Your goal: In your copy, include every line of the listing below exactly but none of the pictures.

Data provided:
+ + +
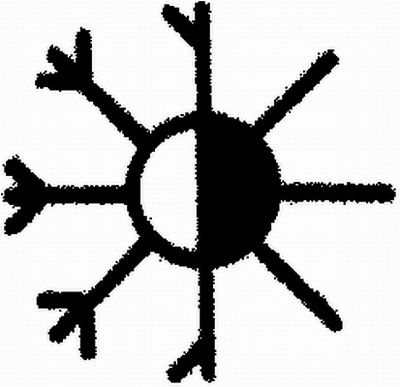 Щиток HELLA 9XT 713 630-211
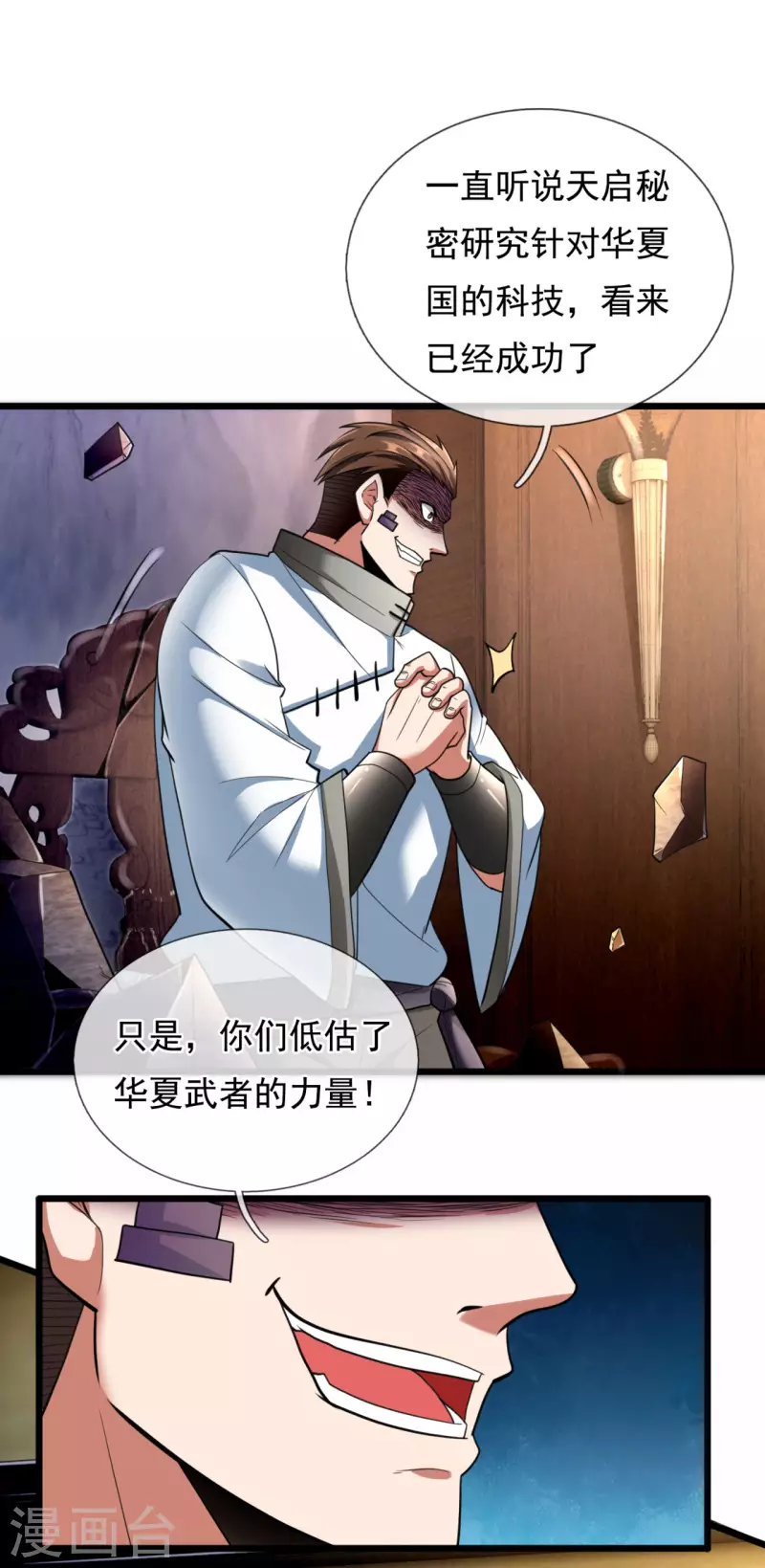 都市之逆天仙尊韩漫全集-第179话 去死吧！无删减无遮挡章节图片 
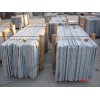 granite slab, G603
+ + +
Response:
 Щиток HELLA 9XT 713 630-211
 都市之逆天仙尊韩漫全集-第179话 去死吧！无删减无遮挡章节图片 
 granite slab, G603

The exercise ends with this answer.